28 Saturday Sep 2013

Posted by michelinewalker in Æsop, Fables, French Literature, Jean de La Fontaine

≈ 49 Comments

Tags

Achille Michallon, Avianus, Æsop, Elizur Wright, Jean de La Fontaine, l'honnête homme, Le Chêne et le Roseau, Louis XIV, Maëlle Doliveux, Perry Index, The Oak and the Reed, Vaux-le-Vicomte

the_oak_and_the_reed_by_achille_michallon  
 Achille Michallon (1796-1822; aged 26) 
(For Michallon, the “Oak and the Reed” could be used to describe the fate of Napoleon I.)
(Photo credit: Wikipedia)
 
The Oak and the Reed 
 
Jean de La Fontaine (Wikipedia)
The Oak and the Reeds (Wikipedia)
http://en.wikipedia.org/wiki/The_Oak_and_the_Reed
http://mythfolklore.net/aesopica/index.htm (texts, etc.)←
 
Aesop’s Fables 
Perry Index (#70)
 
 
“That proud, old, sky-encircled head,
Whose feet entwined the empire of the dead!”
 
mdoliveux_The%20Reed%20and%20the%20Oak%20Tree
The Reed and the Oak Tree
Maëlle Doliveux
(Please click on the image to enlarge it.)
 

“I bend, and do not break”

In an earlier post on the “The Oak and the Reed,” I commented on this line, the moral of the “The Oak and Reed:”  ‘Je plie, et ne romps pas.’  (‘I bend, and do not break.’)  This line illustrates La Fontaine’s uncanny ability to tell what he is not telling (dire-sans-dire).  In fact, it was long believed that this fable expounded the importance of humility and little else:  

“Written in the autocratic time of Louis XIV of France, this was so successfully achieved that it appeared to teach the value of humility at the same time as suggesting that rulers may not be as powerful as they think themselves.” (“The Oak and the Reed” [I.22], Wikipedia)

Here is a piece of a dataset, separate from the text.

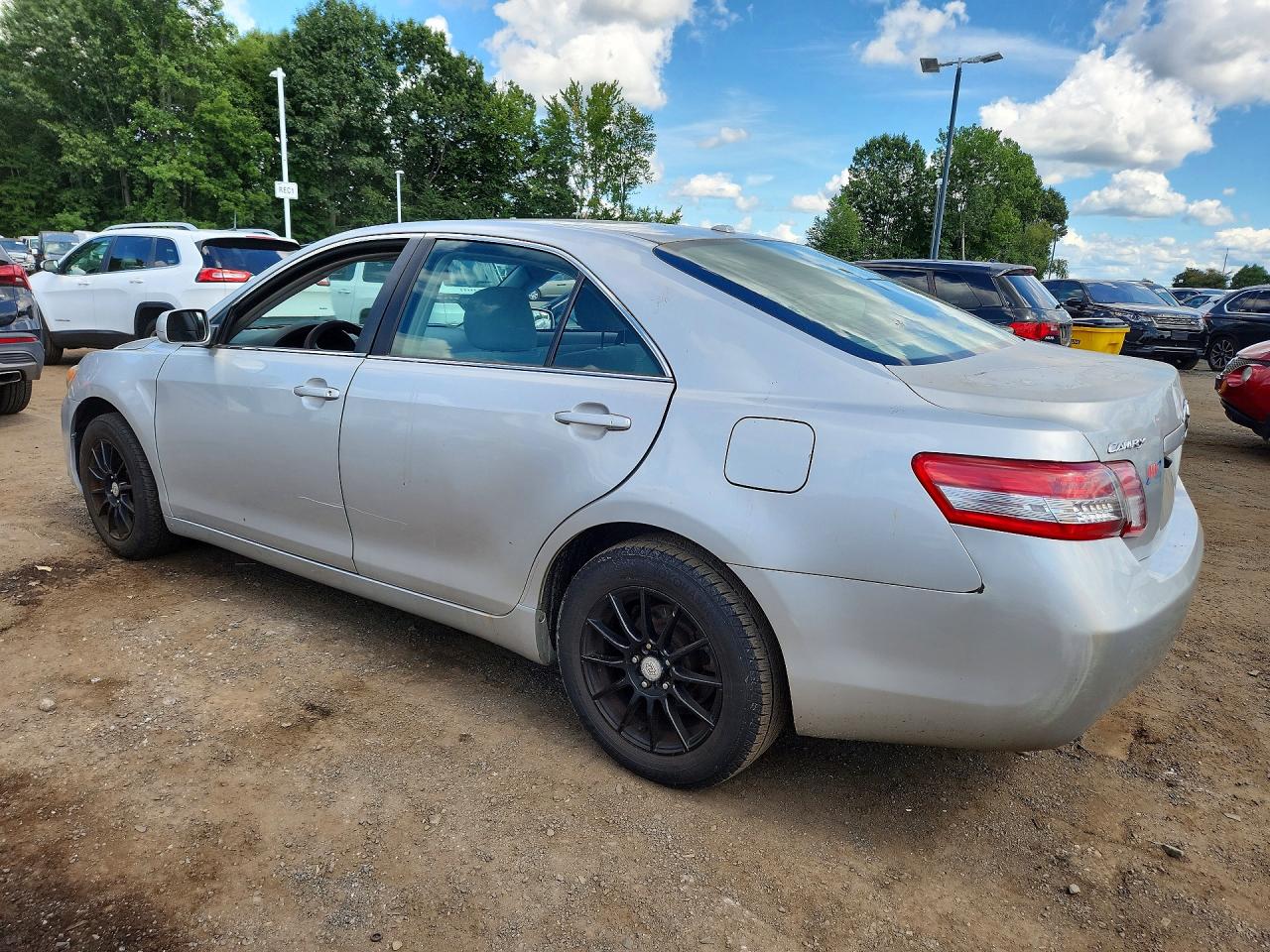 2010 Toyota Camry Le Silver vin: 4T4BF3EK2AR014237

La Fontaine as a Protégé of Nicolas Fouquet

La Fontaine had been a protégé of Nicolas Fouquet/Foucquet (January 27, 1615 – March 23, 1680), the Superintendant of Finances, from 1653 until 1661, the year Louis XIV became King of France.  After 17 August 1661, the day Louis XIV attended a fête at Vaux-le-Vicomte, Fouquet’s magnificent castle, Louis XIV accused Fouquet of embezzlement.  Fouquet was convicted and condemned to banishment, a sentence Louis XIV himself, then aged 22, commuted to life imprisonment, at Pignerol (now Pinerolo, Italy), a sadder fate than banishment.  La Fontaine had written his “Élégie  aux Nymphes de Vaux,” in the vain hope of obtaining a degree of clemency towards his former patron, Nicolas Fouquet.  He also wrote “Le Songe de Vaux.”

oak-and-reed
The Oak and the Reed
(Photo credit: oldbookillustrations.com)
 

The Moral of “The Oak and the Reed”

As a university teacher, I often taught La Fontaine’s “Chêne et Roseau” and would ask my students to provide a moral for La Fontaine’s fable.  What did “Je plie, et ne romps pas” (I bend, and do not break) mean?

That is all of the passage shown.